TurExp (version 3)

A Turing Machine equivalent of regular expressions. A nondeterministic esoteric programming language, nondeterministic in the computer science sense of always choosing the right option when there's a choice.

The language runs on a nondeterministic Turing Machine, or a simulator of one. The machine has a tape, extending infinitely in both directions, with 1112064 possible symbols (one per Unicode character, but see below) and a current position that's pointing to a symbol on the tape (not between symbols).

Whitespace in the code is ignored except in quoted mode and after a backslash. There is no built-in support for comments, though no-ops such as ([]"comment goes here")? can be used instead.
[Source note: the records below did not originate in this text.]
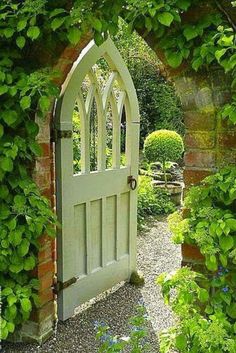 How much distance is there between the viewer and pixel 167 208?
587 cm

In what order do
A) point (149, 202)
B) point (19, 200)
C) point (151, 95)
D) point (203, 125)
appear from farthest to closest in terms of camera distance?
point (151, 95)
point (149, 202)
point (19, 200)
point (203, 125)

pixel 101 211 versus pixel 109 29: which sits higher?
pixel 109 29

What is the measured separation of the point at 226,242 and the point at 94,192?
1.34m

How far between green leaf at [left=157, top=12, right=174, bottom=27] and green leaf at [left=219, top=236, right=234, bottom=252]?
2.83 feet

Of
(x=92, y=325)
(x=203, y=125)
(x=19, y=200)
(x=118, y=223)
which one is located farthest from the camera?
(x=118, y=223)

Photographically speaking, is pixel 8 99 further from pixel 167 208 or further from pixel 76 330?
pixel 167 208

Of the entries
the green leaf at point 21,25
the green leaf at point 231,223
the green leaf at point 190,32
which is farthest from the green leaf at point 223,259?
the green leaf at point 21,25

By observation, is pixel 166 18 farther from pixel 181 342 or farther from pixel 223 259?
pixel 181 342

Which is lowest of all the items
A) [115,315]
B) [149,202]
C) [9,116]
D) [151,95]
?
[115,315]

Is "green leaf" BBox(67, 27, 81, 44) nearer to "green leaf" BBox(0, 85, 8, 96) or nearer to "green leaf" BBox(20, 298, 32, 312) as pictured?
"green leaf" BBox(0, 85, 8, 96)

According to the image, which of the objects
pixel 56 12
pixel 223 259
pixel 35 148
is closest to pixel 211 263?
pixel 223 259

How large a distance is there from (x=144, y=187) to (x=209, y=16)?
4242 millimetres

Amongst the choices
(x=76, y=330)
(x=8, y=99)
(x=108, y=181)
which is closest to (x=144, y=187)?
(x=108, y=181)

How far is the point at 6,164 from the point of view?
1.95m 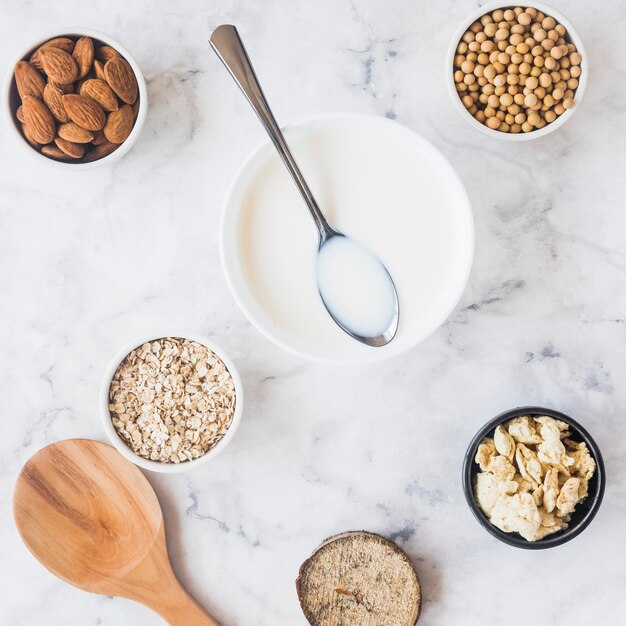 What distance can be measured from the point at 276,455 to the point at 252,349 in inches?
6.5

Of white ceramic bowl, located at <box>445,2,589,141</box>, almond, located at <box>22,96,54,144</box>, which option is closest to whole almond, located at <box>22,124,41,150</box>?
almond, located at <box>22,96,54,144</box>

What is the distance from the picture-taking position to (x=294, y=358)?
102cm

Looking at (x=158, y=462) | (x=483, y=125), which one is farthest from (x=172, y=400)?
(x=483, y=125)

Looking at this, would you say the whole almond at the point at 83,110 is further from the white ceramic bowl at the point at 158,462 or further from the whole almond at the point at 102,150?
the white ceramic bowl at the point at 158,462

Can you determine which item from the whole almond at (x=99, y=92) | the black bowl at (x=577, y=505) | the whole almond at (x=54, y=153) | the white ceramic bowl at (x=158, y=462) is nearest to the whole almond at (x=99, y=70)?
the whole almond at (x=99, y=92)

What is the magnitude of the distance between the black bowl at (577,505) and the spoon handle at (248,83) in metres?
0.41

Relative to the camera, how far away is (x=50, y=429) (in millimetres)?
1042

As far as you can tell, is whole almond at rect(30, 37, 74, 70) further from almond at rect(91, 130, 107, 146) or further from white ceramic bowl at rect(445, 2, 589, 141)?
white ceramic bowl at rect(445, 2, 589, 141)

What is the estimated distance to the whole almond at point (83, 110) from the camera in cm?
91

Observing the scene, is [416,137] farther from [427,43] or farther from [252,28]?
[252,28]

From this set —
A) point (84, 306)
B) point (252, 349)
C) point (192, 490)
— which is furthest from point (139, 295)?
point (192, 490)

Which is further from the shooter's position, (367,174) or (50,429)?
(50,429)

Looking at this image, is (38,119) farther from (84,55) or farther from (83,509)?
(83,509)

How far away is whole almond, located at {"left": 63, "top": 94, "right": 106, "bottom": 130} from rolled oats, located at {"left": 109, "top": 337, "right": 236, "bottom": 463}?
31 centimetres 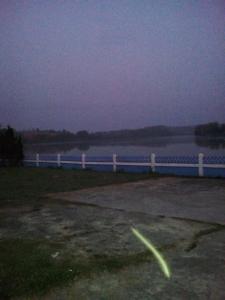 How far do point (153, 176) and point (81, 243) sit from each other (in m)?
8.91

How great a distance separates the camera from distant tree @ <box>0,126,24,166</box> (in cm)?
2262

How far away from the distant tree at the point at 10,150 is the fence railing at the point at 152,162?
15.1ft

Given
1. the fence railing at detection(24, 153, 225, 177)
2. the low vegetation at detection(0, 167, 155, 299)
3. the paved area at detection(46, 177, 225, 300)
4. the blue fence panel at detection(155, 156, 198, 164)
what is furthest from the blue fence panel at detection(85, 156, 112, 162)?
the low vegetation at detection(0, 167, 155, 299)

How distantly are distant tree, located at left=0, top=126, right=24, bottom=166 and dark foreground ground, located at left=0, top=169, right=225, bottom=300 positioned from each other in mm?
15108

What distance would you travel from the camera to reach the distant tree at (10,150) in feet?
74.2

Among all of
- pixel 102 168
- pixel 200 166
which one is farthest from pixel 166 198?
pixel 102 168

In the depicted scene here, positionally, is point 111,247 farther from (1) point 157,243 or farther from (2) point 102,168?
(2) point 102,168

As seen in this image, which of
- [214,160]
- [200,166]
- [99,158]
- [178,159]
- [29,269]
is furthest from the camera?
[99,158]

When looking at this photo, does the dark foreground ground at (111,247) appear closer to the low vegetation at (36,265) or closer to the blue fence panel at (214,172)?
the low vegetation at (36,265)

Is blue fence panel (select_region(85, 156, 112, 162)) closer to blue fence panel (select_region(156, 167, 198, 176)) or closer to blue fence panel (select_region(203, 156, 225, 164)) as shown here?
blue fence panel (select_region(156, 167, 198, 176))

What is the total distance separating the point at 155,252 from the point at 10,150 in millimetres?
20504

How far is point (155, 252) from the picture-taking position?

program → ((?v3))? compiler-directive* instruction
A program is an instruction (typically a sequence instruction). Programs can optionally start with (?v3) to indicate that they use TurExp version 3. (This is not necessary to use version 3–specific features; it's mostly there for the possibility of a version 4 or higher.)

Contents

Character encoding

Version 2 was documented as having 256 symbols, and the documentation said "The code, input, and output are assumed to be in an 8-bit superset of ASCII (though implementations may choose to treat input and output as numbers instead)". However, the actual implementation used the platform-default character encoding and actually seems to support Unicode just fine, except that characters outside Latin-1 can't be entered as hex codes.

Version 3 fully supports Unicode. There are 1112064 possible symbols, one for each Unicode character except the surrogate code points (d800-dfff), which TurExp doesn't consider to be valid characters.

In version 3, the (?u) and (?-u) compiler directives determine the encoding of the source file. (?u) indicates that everything from that point on is in UTF-8; (?-u) indicates that everything from that point on is Latin-1. Whichever one is in effect at the end of the program determines the encoding for input and output.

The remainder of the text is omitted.